The Prosecutor of the International Criminal Court (ICC) Karim Khan has told the Security Council that he will rescue himself from the case of Saif Al-Islam Gaddafi to maintain neutrality in Libya's file now that Gaddafi is a presidential elections candidate.

Khan, a British attorney, was Saif Al-Islam Gaddafi's lawyer before being named ICC Prosecutor.

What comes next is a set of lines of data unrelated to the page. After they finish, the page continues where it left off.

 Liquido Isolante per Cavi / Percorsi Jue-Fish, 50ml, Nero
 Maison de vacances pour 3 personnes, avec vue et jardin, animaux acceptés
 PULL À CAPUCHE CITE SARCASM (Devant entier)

Saif is still wanted by the ICC for crimes against humanity in Libya.

In his first appearance in the Security Council on Tuesday, Khan called for a more robust partnership between the two bodies towards ending impunity for atrocity crimes committed in Libya and elsewhere.

Khan said he will give priority to cases referred to the Prosecutor’s Office by the Council, such as the situation in Libya, calling for a convergence between the work of the Council and the Rome Statute that permits no haven for atrocity crimes.

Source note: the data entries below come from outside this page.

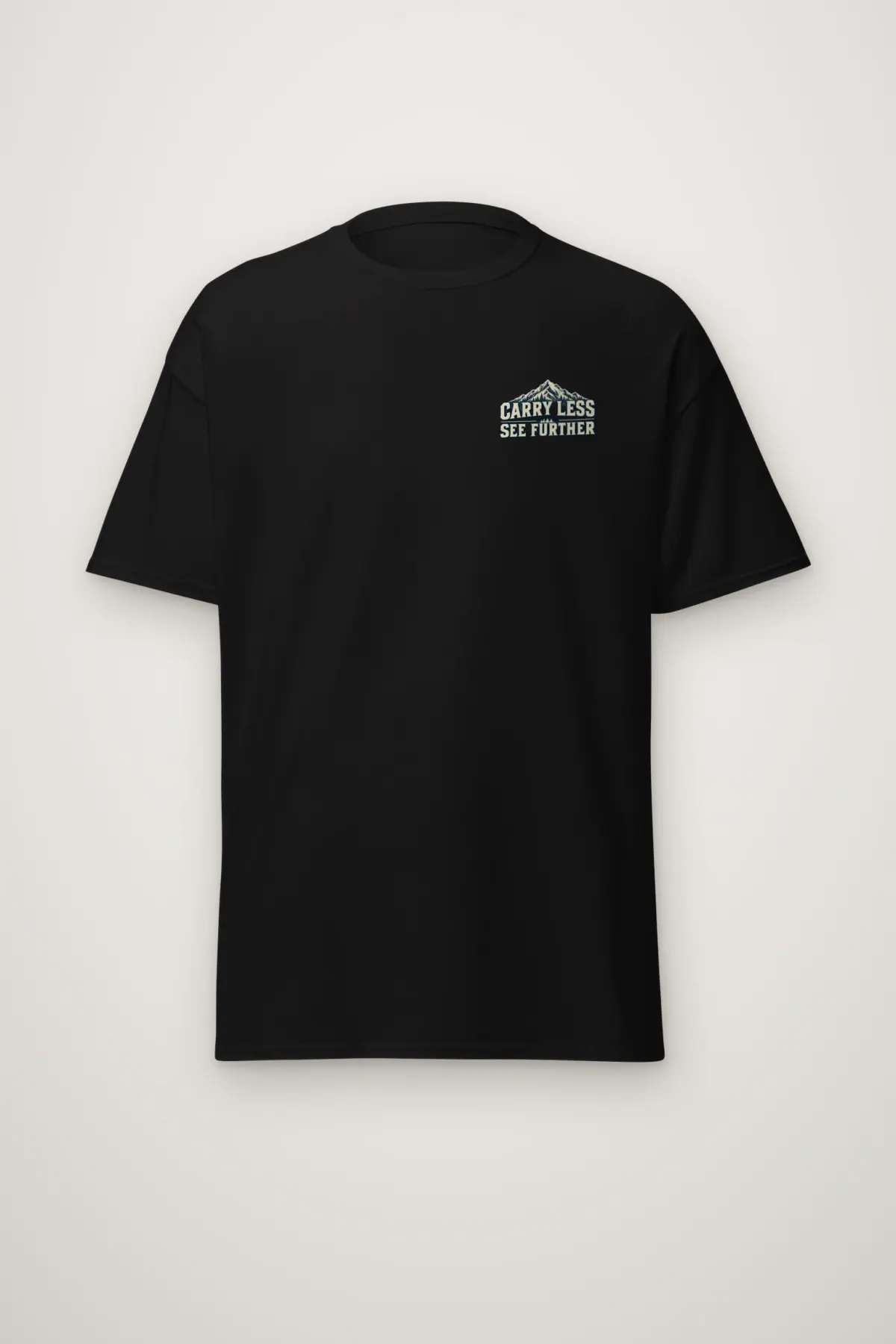 "Carry Less See Further" Heavyweight Unisex Crewneck T-shirt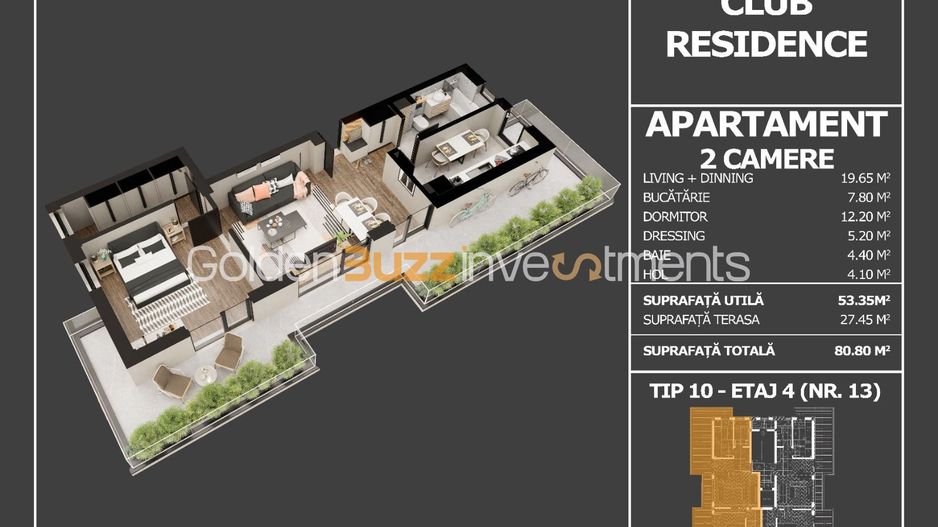 Apartament 2 camere | Terasa | Bucatarie Inchisa | - Poză 8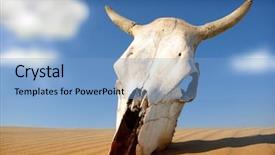  Presentation with fear of death - Cool new PPT layouts with famine - death in the desert backdrop and a light blue colored foreground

 "A paradigm shift is needed to foster a new era of engagement between the two bodies." He said, drawing attention to the principle of complementarity on the issue of jurisdiction, he urged States to step up as they have a national responsibility to ensure accountability.

Khan said instability has prevented the Office from conducting investigations on Libyan territory, but he intends to visit the country in early 2022 to meet with State officials and other stakeholders. 

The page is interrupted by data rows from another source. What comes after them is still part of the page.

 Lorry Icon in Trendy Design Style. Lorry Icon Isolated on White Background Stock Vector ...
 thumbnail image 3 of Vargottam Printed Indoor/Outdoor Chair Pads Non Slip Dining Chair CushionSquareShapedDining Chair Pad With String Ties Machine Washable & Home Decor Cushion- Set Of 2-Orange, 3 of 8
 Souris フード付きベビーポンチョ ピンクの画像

"The Office continues to gather evidence related to alleged crimes committed during the April 2019 attack on Tripoli.  It has also collected credible information about past and ongoing serious crimes allegedly committed in official and unofficial detention facilities, including unlawful detention, murder, torture, rape and other forms of sexual and gender-based violence." He explained.

He also indicated that the situation of migrants in Libya and the region remains deeply troubling, calling for investigations into reported cases of rape and excessive use of force.  

He also said the ICC is looking into the mass graves in Tarhouna and the allegations of massive violations within migrants' detention centers in Libya, adding that evidence has surfaced regarding Khalifa Haftar forces' serious violations in Tarhouna and South Tripoli, including killing, kidnapping, forced disappearance, random mines' planting and looting, not to mention mass graves.

Khan referred to several complaints by Benghazi and other cities' displaced persons to the ICC about the illegal seizure and looting of their properties, including houses, lands and other real estate properties, adding that certain armed groups are profiting from these acts, and reiterated that Libyan authorities are responsible for protecting citizens and their properties and for holding accountable the perpetrators of serious crimes that are also within the jurisdiction of the ICC.